HAZRETİ EBU BEKİR HALİFE OLDUĞU ZAMAN İNSANLARA ŞÖYLE HİTAB ETTİ



"Ey insanlar! En iyiniz olmadığım halde başınıza getirildim. Fakat Kur'an inmiştir ve Nebi (Sal-lallahu aleyhi ve sellem)'in sünneti de ortadadır. Ben, olsa olsa onun takipçisiyim. Yoksa yeni bir çı-ğır açacak değilim. Eğer bu işi güzel yaparsam bana yardımcı olunuz. Eğer yoldan saparsam beni düzeltiniz. Sözlerime, kendim ve sizler için istiğfar ederek son veriyorum." (Mevaizu's-Sahabe, 17)
"Ey Allah'ın kulları! Sizden öncekileri düşünün ve ölenlerden ibret alın. Dün nerede idiler? Bugün neredeler? Nerede harp meydanlarındaki cengâverlikleriyle anılanlar? Zaman onları da tüketti ve çürümüş kemikler haline geldiler. Artık çirkin sözlerle yad edilir oldular. Çünkü herkes layık oldu-ğuna kavuşacaktır. Nere de yeryüzünü ekip imar eden krallar? Bizden uzaklaştılar ve sanki hiç yaşamamışçasına unutulup gittiler. Dünya başkalarına kaldı. Onlar da yaptıklarıyla göçüp gittiler. Geride bizler kaldık. Ders almasını bilirsek kurtuluruz, gafil davranırsak onlar gibi oluruz."
"Allah rızası için söylenmeyen bir sözde hayır yoktur. Allah yolunda harcanmayan bir malda hayır yoktur. Cahilliği, yumuşak huyluluğunu yenen kimsede hayır yoktur. Herhangi bir yericinin yermesinden korkarak hakkı söylemekten çekinen kimsede de hayır yoktur."

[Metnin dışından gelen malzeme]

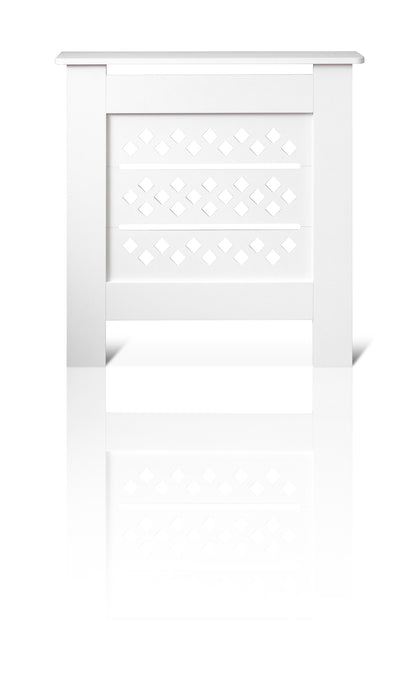 MDF Radiator Cover Rhombic Vents, Small - White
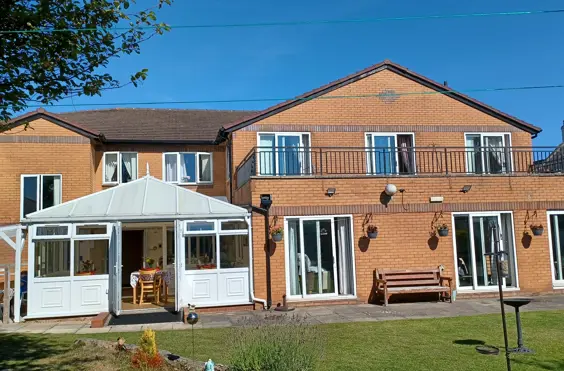 Barnston Court Care Home - outside view of care home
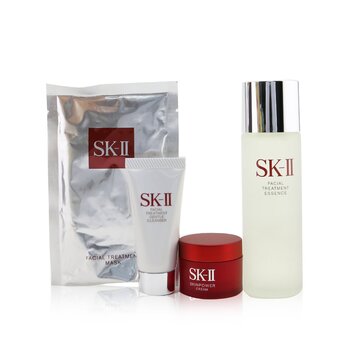Kit Bestseller Trial kit 4-Piezas: Esencia Tratamiento Facial 75ml + Limpiador 20g + Mascarilla 1pz + Skinpower Crema 15g  4pcs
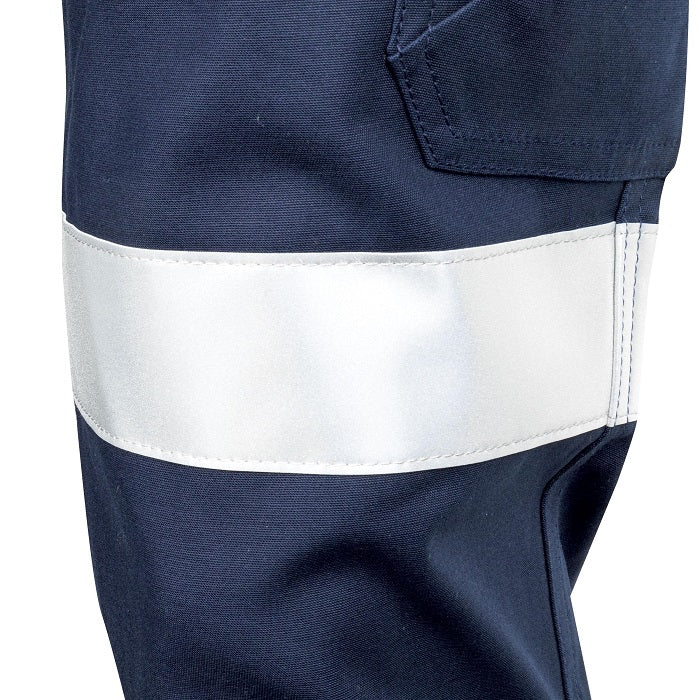 Tru Workwear DT1170T2 Midweight Cotton Stretch Cargo Trousers With Biomotion Reflective Tape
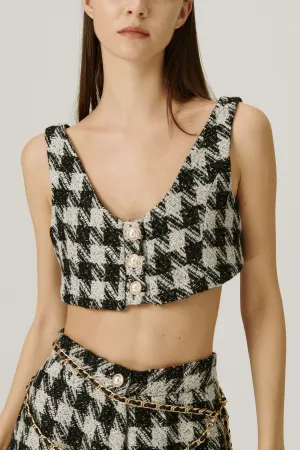 Milla Tweed Crop Top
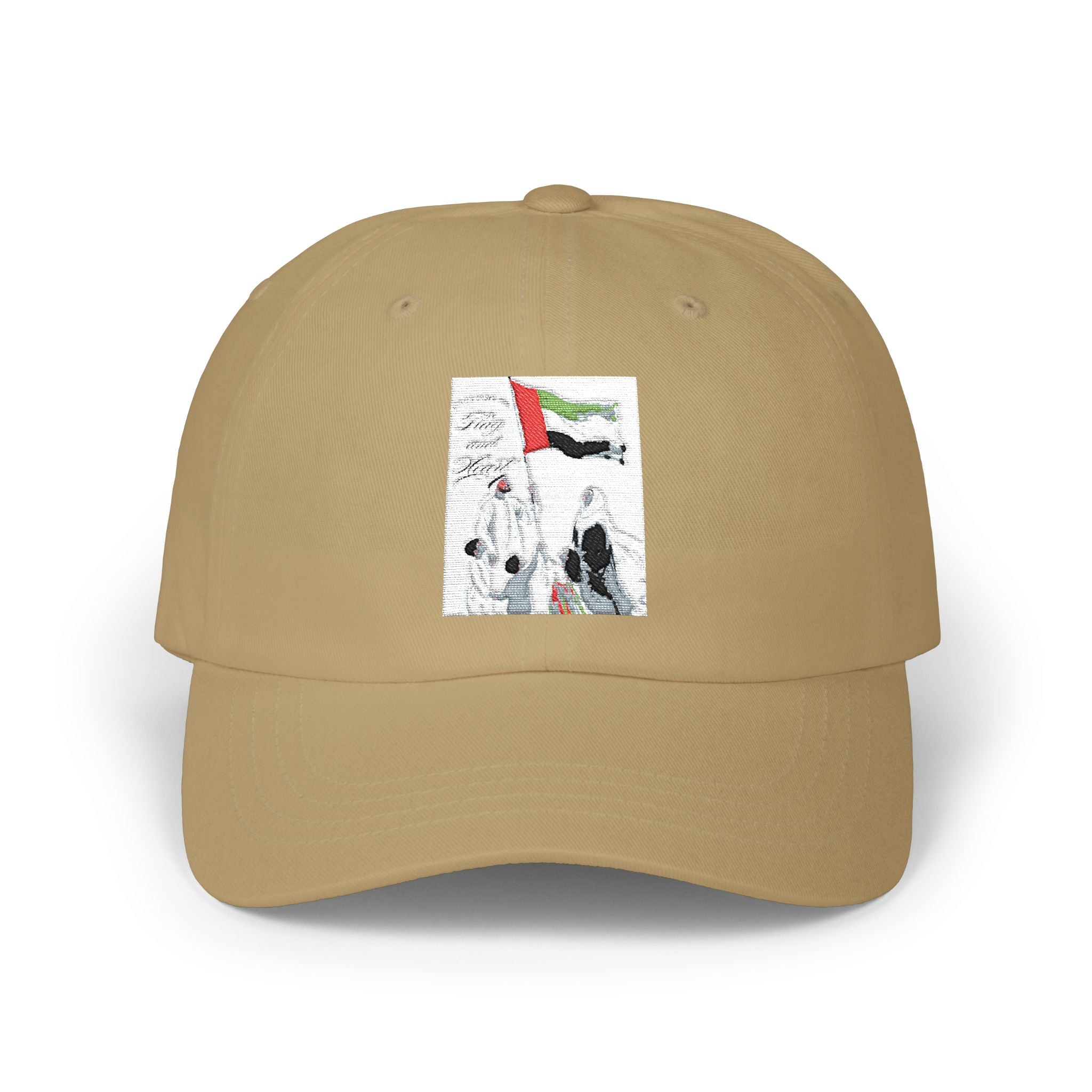 Dad Cap with Distressed UAE Flag Graphic — Casual Patriotic Baseball Hat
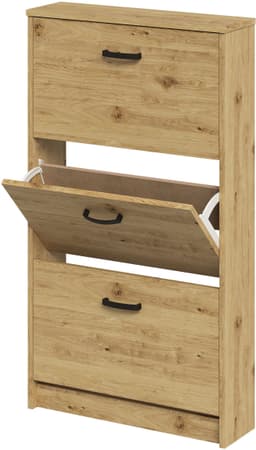 FMD Schuhschrank Step 3 | Holztöne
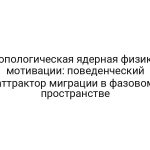 Топологическая ядерная физика мотивации: поведенческий аттрактор миграции в фазовом пространстве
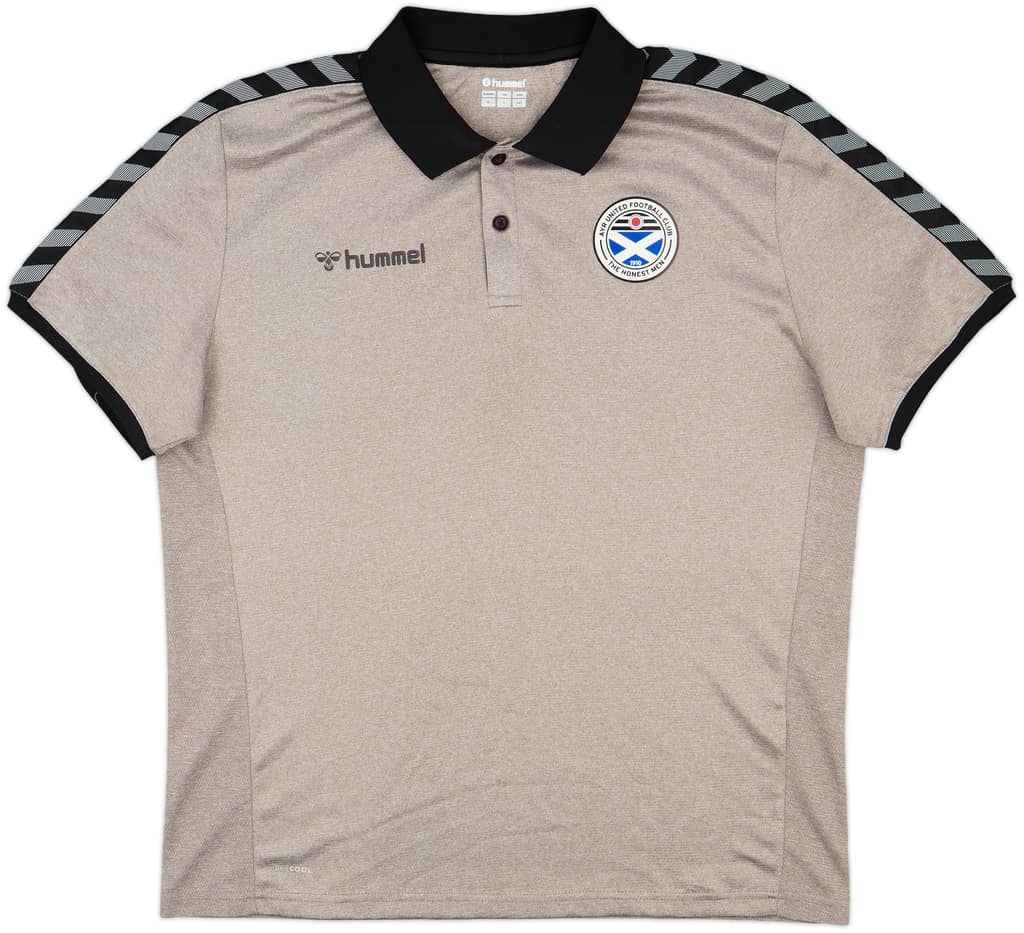 2020-21 Ayr United Hummel Polo Shirt - 8/10 - (XL)
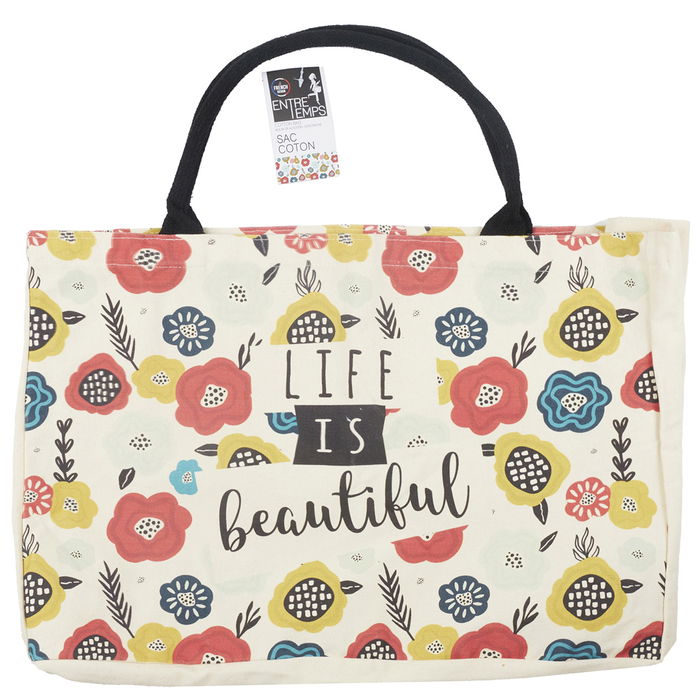 Entre Temps Bolsa Algodón Liberty 42x58 cm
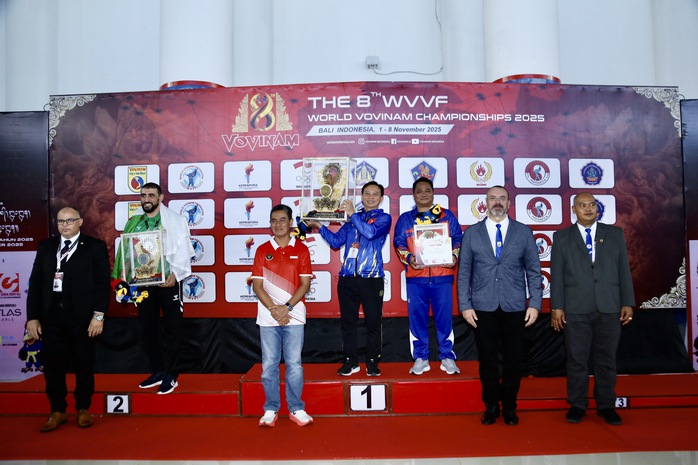 Việt Nam bảo vệ thành công ngôi đầu Giải Vô địch Vovinam Thế giới 2025 - Ảnh 1.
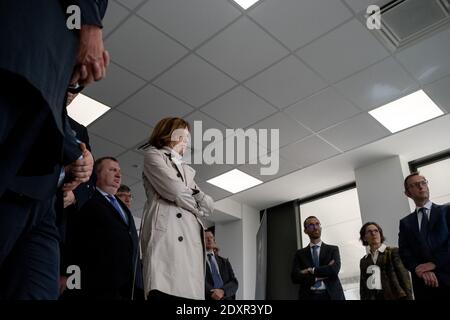 FRA - POLITIQUE - CYBERDEFENSE - Florence Parly, ministre des armes, à Rennes Florence Parly, ministre des armes, se rend jeudi 3 octobre 2019 à Banque D'Images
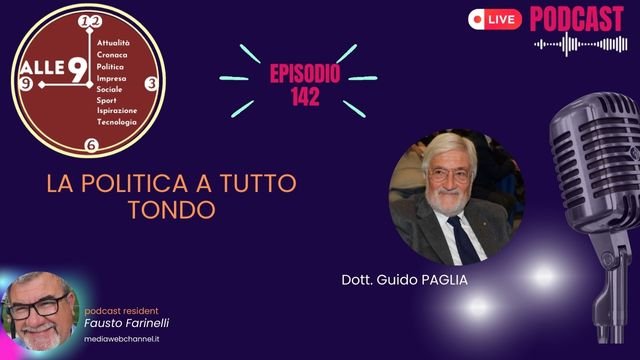 Episodio nr 142 ospite il giornalista Guido Paglia.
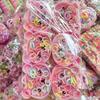 Mini cabeza de princesa en caja pinza pequeña de agarre flequillo pinza frente horquilla rota banda de goma para niños no lastima anillo para el pulgar venta al por mayor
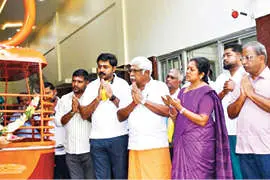 പഴനിയിൽ റോപ്പ് കാറിന്റെ പ്രവർത്തനം പുനരാരംഭിച്ചു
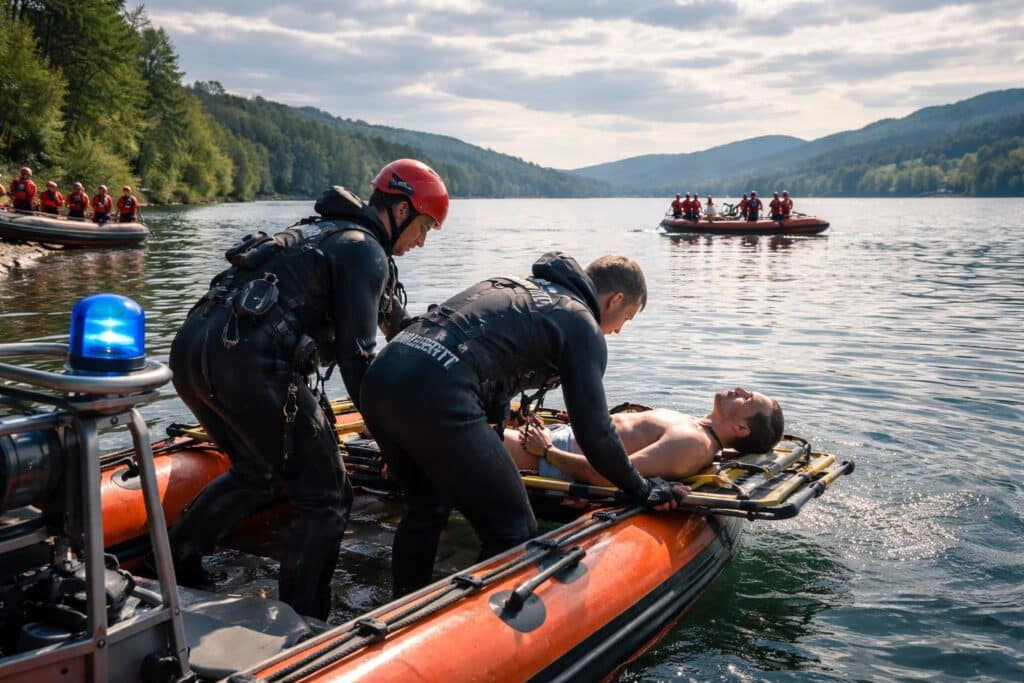 22-Jähriger Schwimmer untergegangen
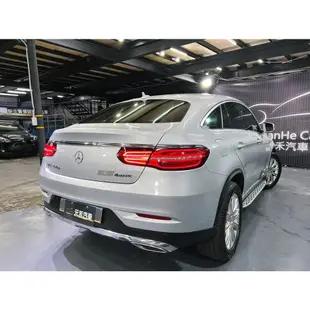 2016年式 C292型 M-Benz GLE Coupe GLE350d 4MATIC 3.0 柴油 珍珠銀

"İyiliği emretme ve kötülüğe engel olma görevini üstlenmiş olanlara itaat edenler kurtulur, borcunu ödemiş olur. Sakın arzularınıza kapılmayın! Arzulardan, aşırı istek ve öfkeden korunanlar kurtulurlar. Kendini beğenmişlikten sakının! Topraktan yaratılmış ve yine toprağa dönecek olan, sonra da haşeratın azığı olacak bir kimse neyle gururlanabilir ki?"
"Çalışın! Günleri, saatleri kaçırmayın. Mazlumun bedduasından sakının ve kendinizi ölüme hazırlayın. Sabredin! Zira her işin başı sabırdır. İhtiyatlı olun! Faydasını görürsünüz. Çalışın! Ameller karşılığını görecektir. Allah'ın sizleri uyardığı azabından sakının ve size vadettiği rahmetine koşun. Anlamaya çalışın, anlarsınız. Allah, sizden öncekilerin neden helak edildiklerini ve ne ile kurtulduklarını açıkça belirtmiştir."
"Allah'ın kendisini dünyada iken niyetlendirdiği bir kul, huzur-u ilahiye getirilir ve sorulur: Bu gün için ne yaptın? Kendin için ne hazırladın? O da takdim edecek hiç bir iyilik bulamaz ve gözlerinde yaş kalmayıncaya kadar ağlar. Sonra günahları ortaya serilir ve Allah'a itaat hususundaki ihmali sebebiyle rezil edilir. Bu sefer gözlerinden yaş yerine kan akıtır. Sonra yine günahları serilir ve rezil edilir. Bu defa dirseklerine kadar ellerini yemeye başlar, sonra bir daha azarlanır, bu sefer öyle yüksek sesle ağlar ki, her iki gözü dışarıya fırlayarak yanakları üzerine dökülür. Sonra bir daha azarlanır ki, o zaman: "Ey Rabbim! Beni cehenneme gönder de bu azabdan kurtar" der.
"Allah Rasülü (SAV) şöyle buyurdu: Nifakla karışık huşudan Allah'a sığının! Sordular: Nifakla karışık huşu nedir? Ya Rasulullah? Buyurdu ki: "Benden huşu içerisinde bulunurken kalpte nifak olmasıdır."
"Ey insanlar! Sizlere tavsiyem şudur ki: Her işte ve her zaman Allah'tan korkun. Hoşunuza gitse de gitmese de hakka bağlı kalın. Doğru olmayan sözlerin hiçbir kıymeti yoktur. Yalan söyleyen yoldan sapmıştır. Sapıtan ise helak olmuştur."